La pace implica nell’uomo la conoscenza vera della sua identità, della sua origine e del suo fine. Indica la pienezza dell’umanità nel suo aspetto personale e sociale e quindi suggerisce criteri adeguati per impostare i rapporti con le persone e con la realtà naturale e storica. L’esigenza della pace è essa stessa una esigenza costitutiva del cuore dell’uomo.
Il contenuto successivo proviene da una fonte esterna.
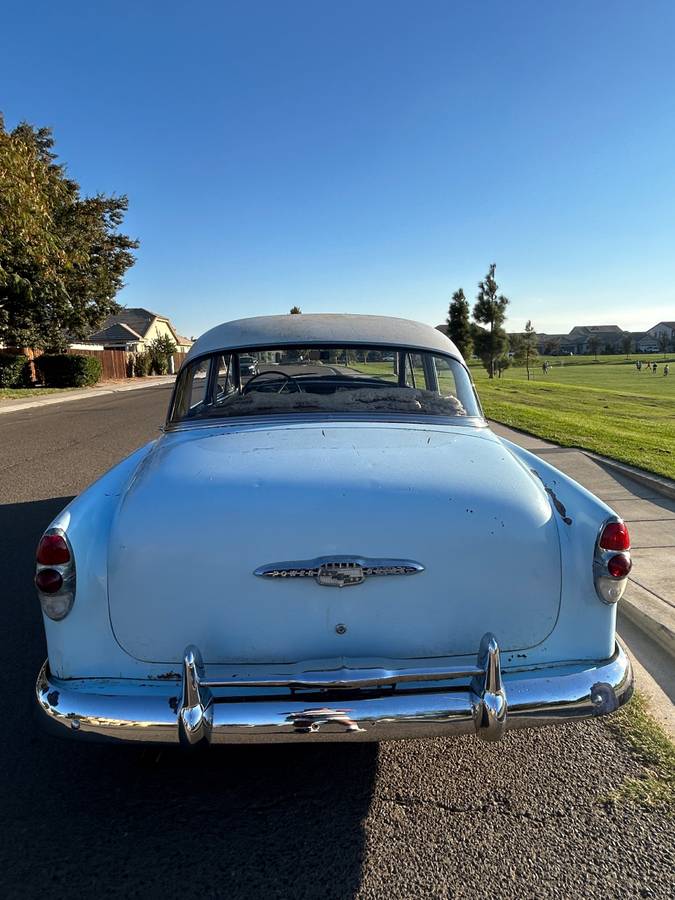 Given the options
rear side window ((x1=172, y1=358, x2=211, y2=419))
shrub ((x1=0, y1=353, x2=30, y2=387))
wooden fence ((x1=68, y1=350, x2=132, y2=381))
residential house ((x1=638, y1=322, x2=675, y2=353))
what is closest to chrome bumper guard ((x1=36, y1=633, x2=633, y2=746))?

Per diverso tempo la pace è stata considerata un’utopia che doveva essere perseguita con le risorse morali, intellettuali, politiche, scientifiche e tecnologiche dell’umanità. Adesso è semplicemente considerata una realtà impossibile. Ma se la pace è impossibile, il vuoto viene per ciò stesso colmato dalla violenza. La violenza viene e occupa il posto della pace. La violenza come distruzione dell’essere a tutti i livelli, fisico, culturale e morale; la violenza dell’uomo verso gli altri uomini considerati semplicemente strumenti della propria individualità possessiva, la violenza come soluzione largamente praticata nelle relazioni tra gli uomini: quell’orrenda teoria di omicidi e suicidi che accompagnano le nostre giornate e che sembrano diventati un fatto inevitabile a cui rassegnarsi. Esattamente come per decenni ci si è rassegnati ai grandi sistemi totalitari, con la differenza che allora la capacità di resistenza era di molto maggiore, soprattutto grazie alla secolare opera educativa svolta dalla Chiesa. 



Oggi tutto è dominato da una violenza alla quale si tenta di fuggire chiudendosi in un privato che non ha più alcun nesso con la realtà, soprattutto con la realtà sociale. L’irresponsabilità che grava sulla vita sociale e politica italiana, ma non solo, viene così vissuto come un qualche cosa di inevitabile, perché nessuno ritrova in sé l’energia intellettuale e morale per porre e affrontare il problema della vita personale e sociale nei termini adeguati della verità, della giustizia, della bellezza e del bene.

Ecco che cosa significa che Cristo è il principe della pace. Cristo è la pace vivente, la pace che vive in noi e in mezzo a noi perché ciò che è impossibile all’uomo – il mistero di Dio che nasce come un bambino, nella sua piccolezza e fragilità – Dio lo ha fatto.

La pace, quella pienezza di umanità che Cristo ha vissuto come frutto di una incondizionata obbedienza al Padre e di un altrettanto incondizionato amore ai fratelli, nel Natale viene messa a nostra disposizione dalla grazia del Padre. Per questo la pace di Cristo è una grazia che sollecita a sua volta la nostra responsabilità. Il Natale cristiano diviene così la domanda umile a Dio che rinasca un popolo capace di collaborare con tutta la propria umanità alla grazia di Cristo. Un popolo  che si impossessi giorno dopo giorno della vita nuova, una vita pacifica perché pienamente realizzata. Questa pace, vissuta nella persona e nella comunità ecclesiale, investe il mondo chiedendo di essere accolta nei cuori degli uomini di buona volontà.

Questo è il buon Natale 2012: che coloro che ricevono in dono la pace di Cristo ne diventino senza indugio, come dice il Papa nel suo messaggio per la giornata mondiale per la pace del 2013, costruttori nella loro vita.